DIRECTIONS FOR THIS TASK — Repeat the data word for word. Do not include the pictures.

(Beginning of RECORDED DATA)

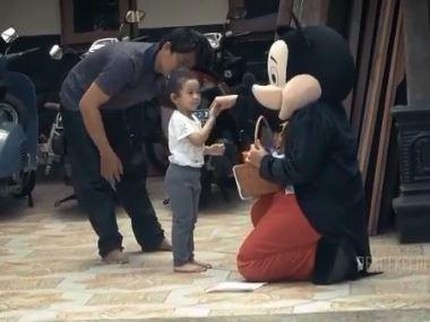 Bertemu Anak Usai Terpisah 1,5 Tahun, Polwan  Beri Kejutan Mengharukan
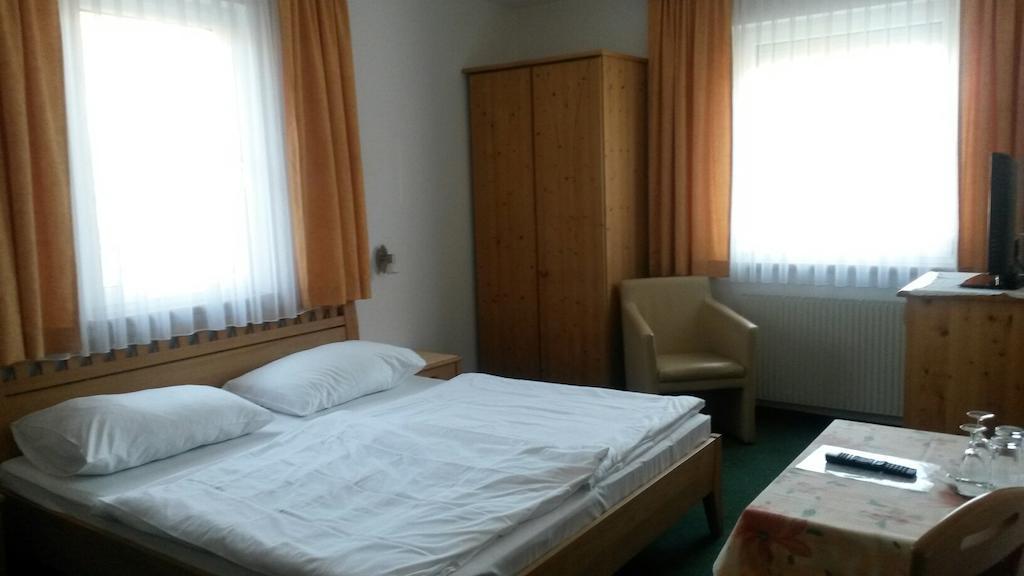 Pension Parzer Pressbaum Bei Wien Habitación foto
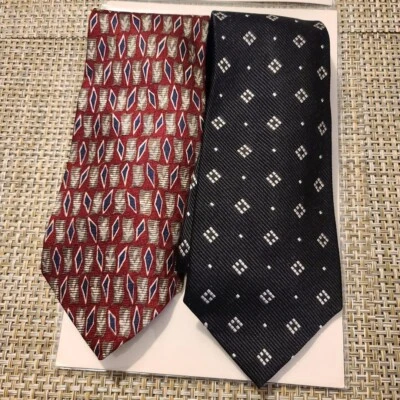 2 Vintage Countess Mara Ties - Image 1 of 3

(End of RECORDED DATA)

TASK ANSWER —
 Bertemu Anak Usai Terpisah 1,5 Tahun, Polwan  Beri Kejutan Mengharukan
 Pension Parzer Pressbaum Bei Wien Habitación foto
 2 Vintage Countess Mara Ties - Image 1 of 3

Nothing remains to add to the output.